Benfer and Pottenger began working with Walker-Wells and almost a dozen other students in the Housing Clinic to file in support of the CDC moratorium beginning in September 2020. Almost as soon as the moratorium was announced that month, landlords began challenging it in court.
This fall, Benfer, Pottenger, and Walker-Wells worked closely to draft a brief in four of the federal district court cases involving the moratorium: Brown v. Azar, Skyworks, LLC v. CDC, KC Tenants v. Byrn, and Chambless Enterprises, LLC v. CDC. In the spring, they filed in two separate Fifth Circuit appellate cases before filing in the Supreme Court.

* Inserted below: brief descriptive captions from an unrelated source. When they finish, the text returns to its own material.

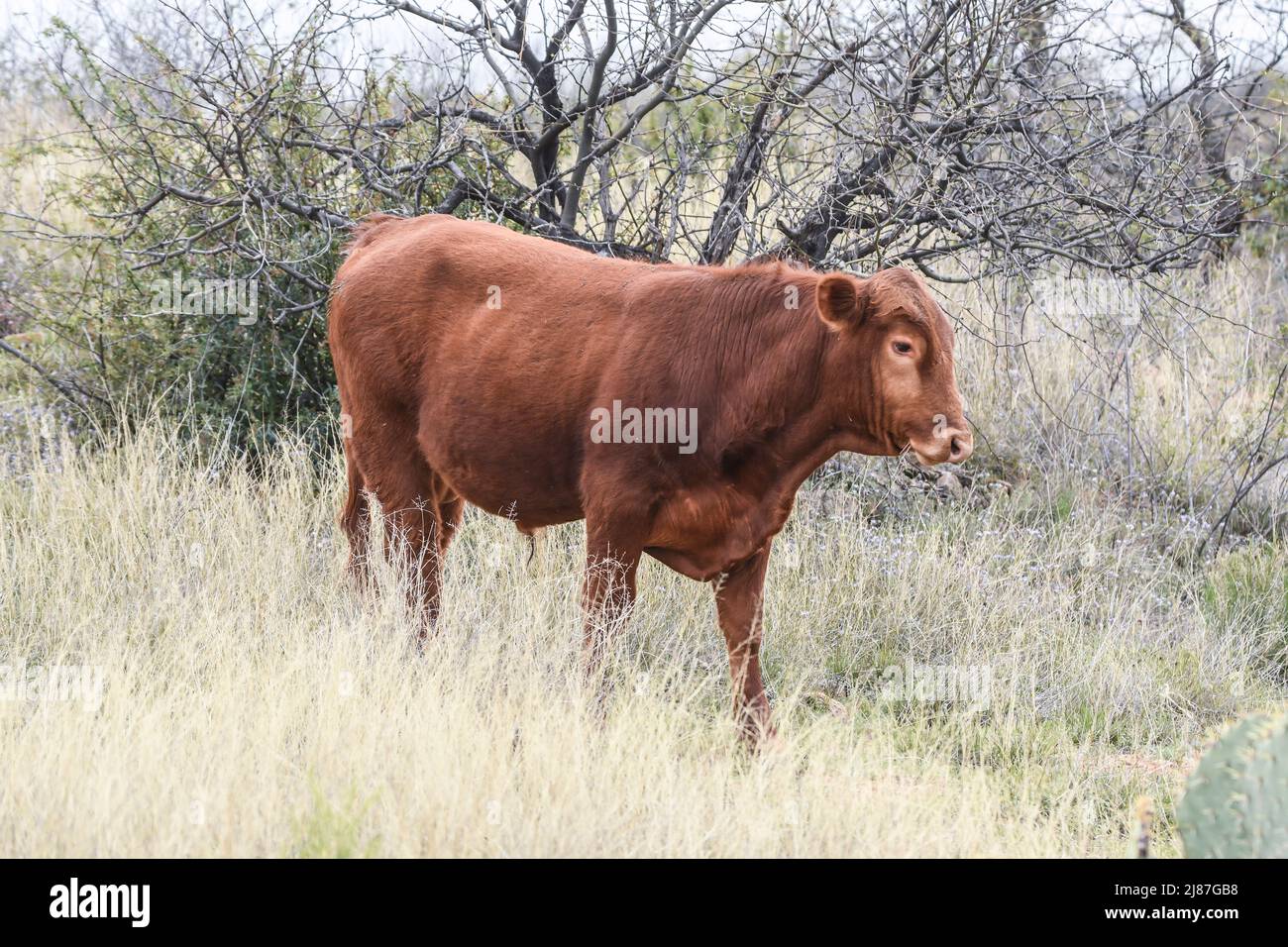 A bull (livestock) on public land near Arivaca, Arizona, USA Stock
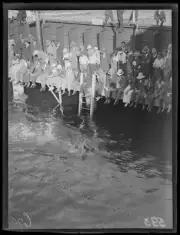 Crowd sitting on the edge of the Domain Baths watching a race duri- Old Photo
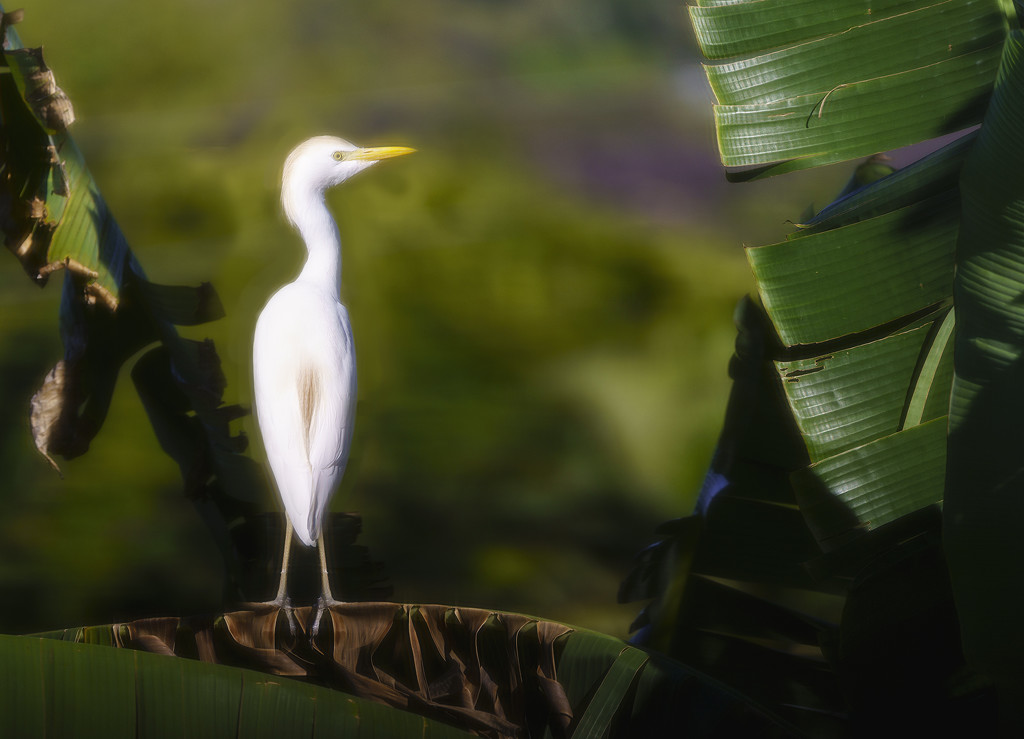 Cattle Egret In the Banana Palm by jgpittenger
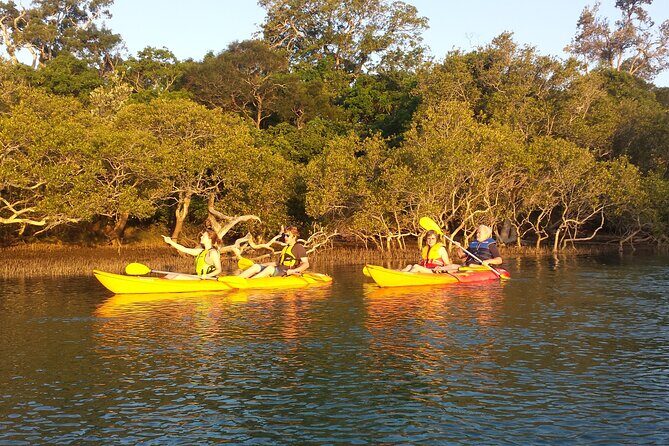 Sunset Kayak Eco Tour with Marine Scientist - FAQ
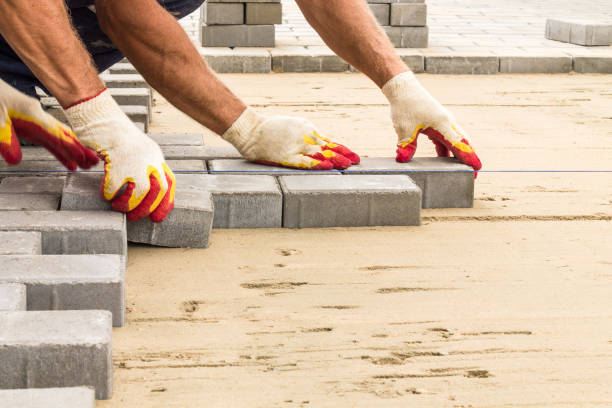 Best Professional Driveway Pavers  in Blaine, TN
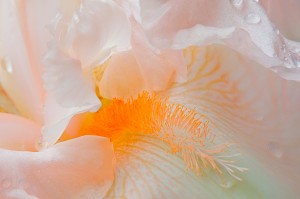 Peach Colored Iris Bloom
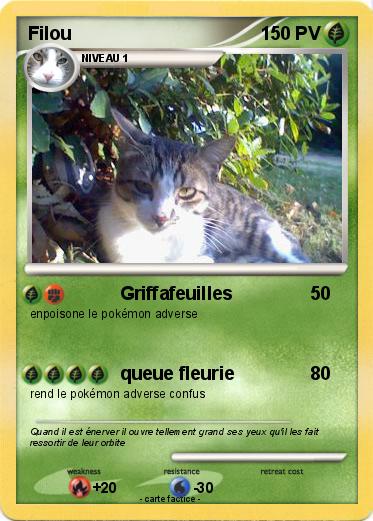 Pokemon Filou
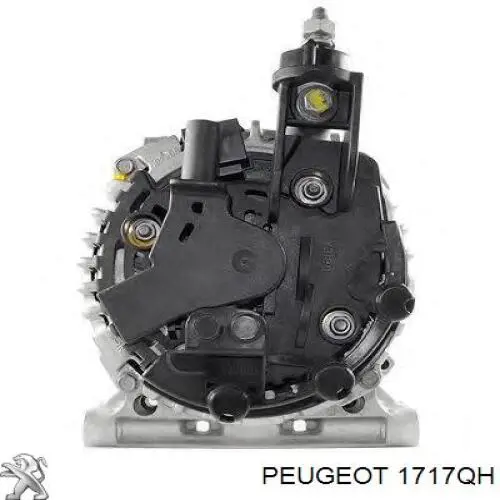 1717QH Peugeot/Citroen Середній глушник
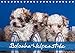 Bolonka Welpenstube (Tischkalender 2019 DIN A5 quer): Bolonka Welpen (Monatskalender, 14 Seiten ) (CALVENDO Tiere) by 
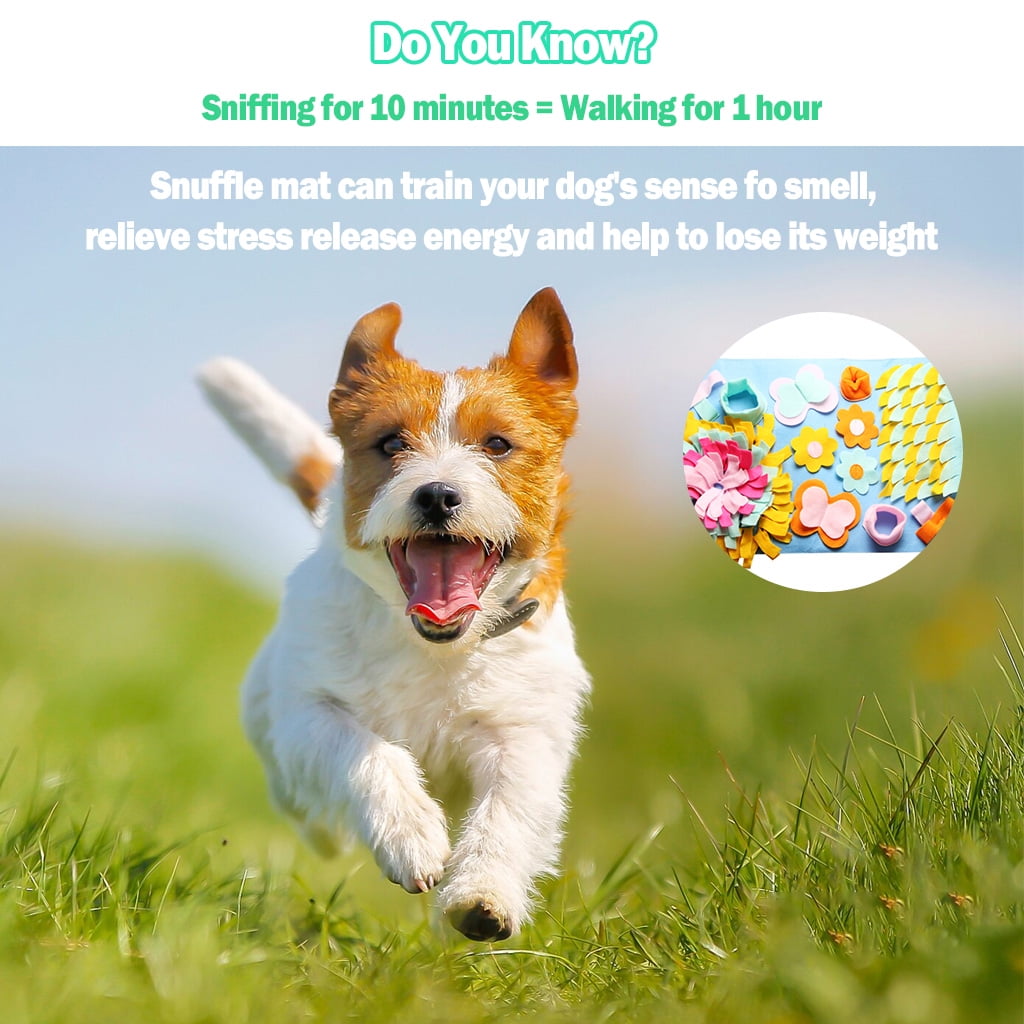 vocheer Snuffle Mat for Dogs, 36" x 36" Nosework Feeding Mat Encourages Natural Foraging Skills 13 bad1ae3b d0f4 4473 ad3d feb3a008f42a.779fc352050ea1014bddc31e239c96e0 - easyishop.co.uk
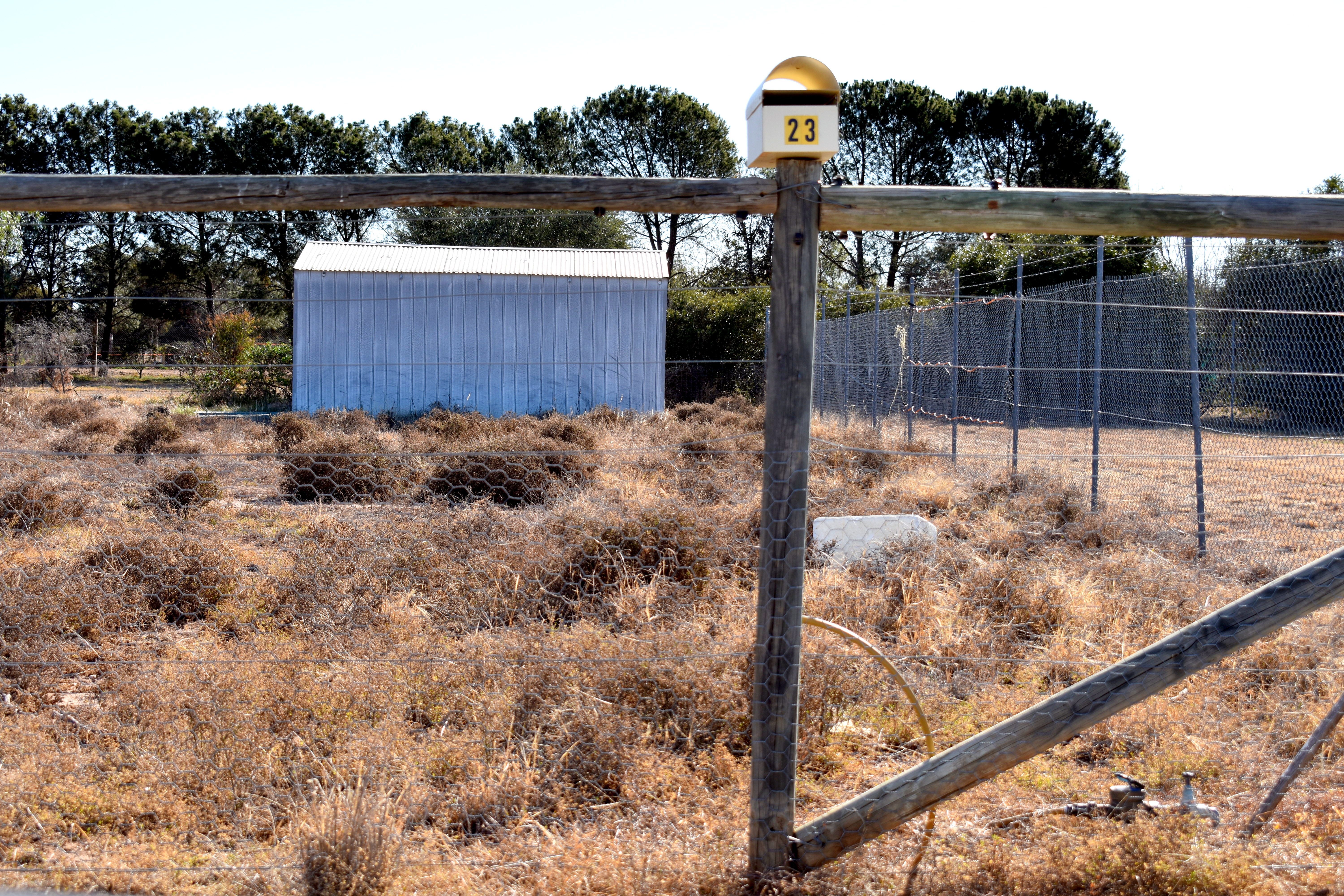 Rural Property Centre Lock up Shed on 1,770 SQM Block
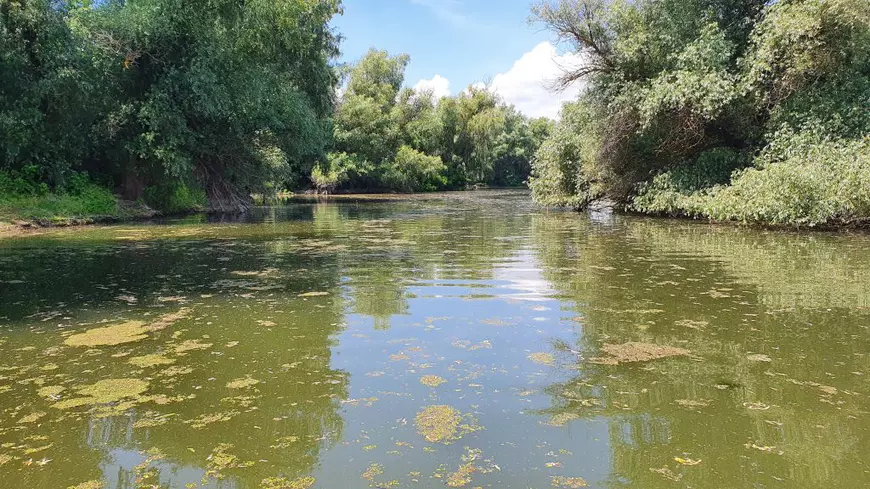 REPORTAJ | Călătorie în Delta Dunării, locul în care pandemia nu a însemnat mai nimic. Izolați dintotdeauna, oamenii abia așteaptă puținii turiști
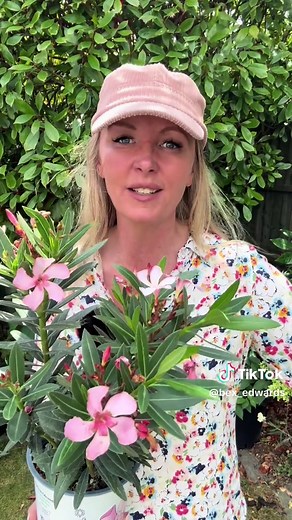 BexEdwards - Gardening on TikTok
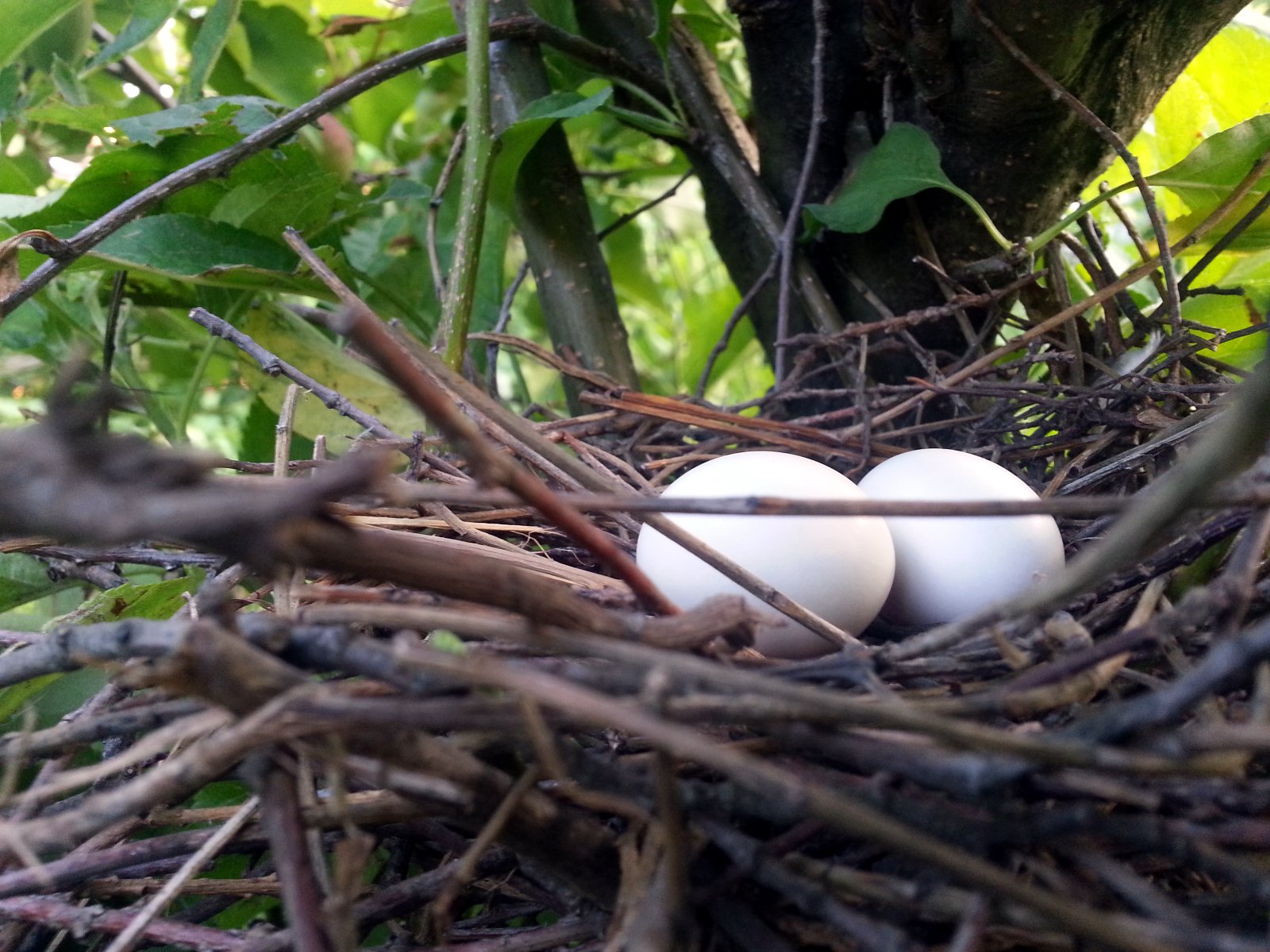 Felmásztam a fára és mit láttam…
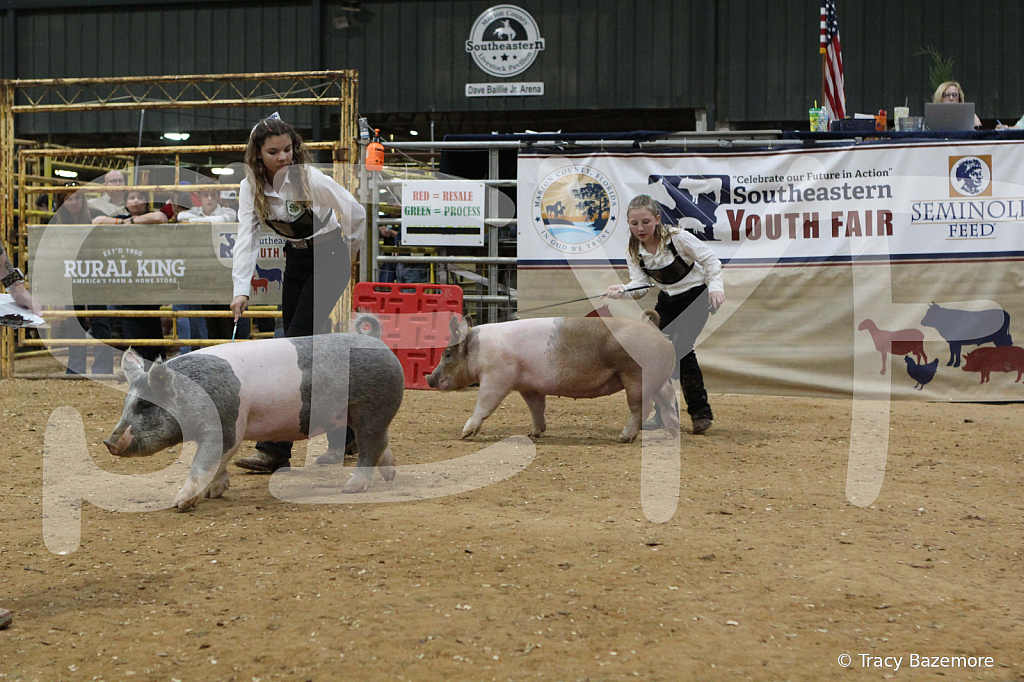 swine0603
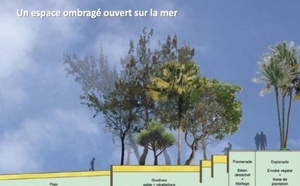 Tamarun change de statut et renforce son 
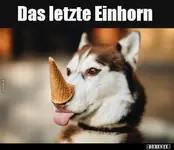 Einhorn.webp
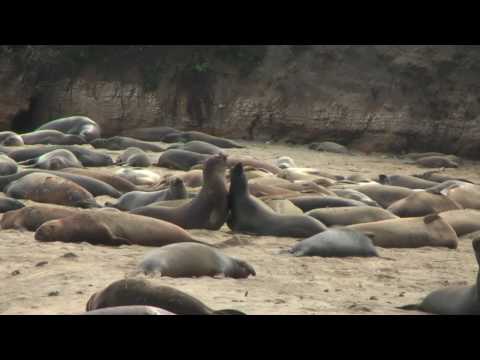 Santa Cruz and
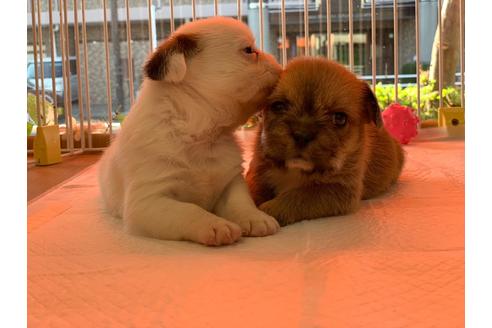 成約済の神奈川県のミックス犬-58299の3枚目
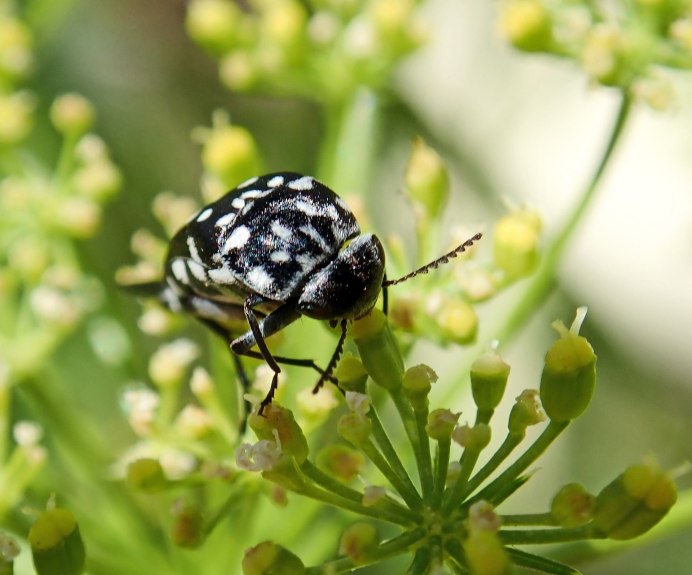 Жужжалеца Cicindela clathartus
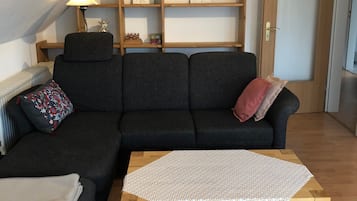 Fernseher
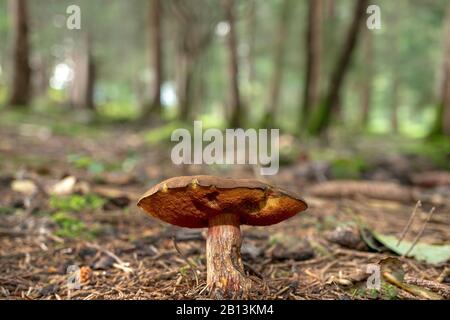 Lurid bolete (Boletus luridus), corpo a frutto singolo sul pavimento della foresta, Germania, Baviera, Ammergauer Alpen Foto Stock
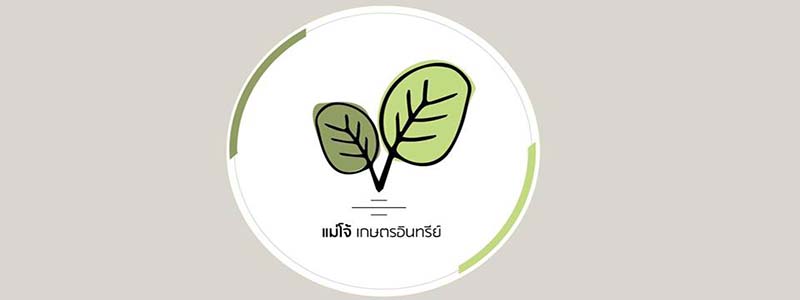Welcome to www.ogtwins.com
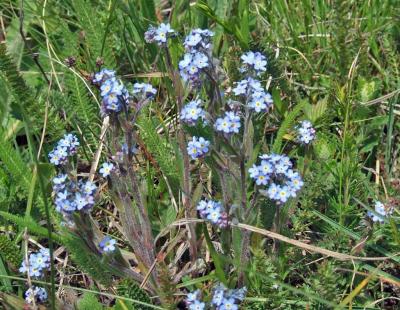 Прикрепленное изображение: zflDSCF8462.jpg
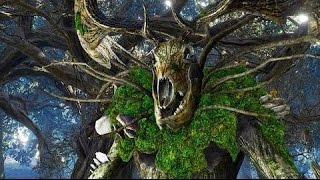 The Witcher 3 Wild Hunt Woodland Spirit Ancient Leshen [upl. by Annaek961]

Most students in the Housing Clinic’s eviction track provided critical help in at least one of the cases. Yale Law students Raymond Fang ’23, Samarth Gupta ’23, Adam Kinkley ’21, Salvatore Minopoli ’21, Patrick Monaghan ’22, Jacqui Oesterblad ’22, Areeb Siddiqui ’23, Logan Wren ’21, and Wake Forest School of Law student Emilia Todd provided research, writing, and editing throughout the year. Yale Housing Clinic student Leah Kazar ’23 rushed to the Supreme Court to hand-deliver a paper copy of the brief.
The amici include the American Academy of Pediatrics, the American Medical Association, Children’s Healthwatch, GLMA: Health Professionals Advancing LGBTQ Equality, the Medical Society of the District of Columbia, the National Hispanic Medical Association, the National Medical Association, the North Carolina Pediatric Society, and individual experts Emily A. Benfer, Kim M. Blankenship, Katherine L. Chen, Matthew Desmond, Gregg Gonsalves, Peter Hepburn, Danya E. Keene, Kathryn M. Leifheit, Michael Z. Levy, Sabriya A. Linton, Wendy Parmet, Craig E. Pollack, Julia Raifman, and David Vlahov.
Four of the amici have Yale connections. Benfer was a Distinguished Visiting Scholar and Senior Fellow at Yale Law School Solomon Center for Health Law and Policy in 2017–2018. Gonsalves (one of two amici to win a MacArthur Foundation “genius grant”) is an Associate Professor at the Yale School of Nursing with a joint appointment at Yale Law School, where he co-directs the Global Health Justice Partnership. Keene is an Associate Professor at the Yale School of Public Health. Vlahov is a Professor of Nursing and Epidemiology of Microbial Diseases at the School of Nursing.
Students in Yale Law School’s Housing Clinic focus on one of three tracks: foreclosures, evictions, or fair housing policy. Housing Clinic students study ethics and policy issues, including the role discrimination has played in the government’s and industry’s treatment of homeowners and renters. They also attend skills-training sessions and sessions of the court handling cases in their respective tracks. Working through the Jerome N. Frank Legal Services Organization, Housing Clinic students represent clients and handle cases seeking affirmative relief. Student teams also tackle legislative remedies arising from the clinic’s clients’ cases.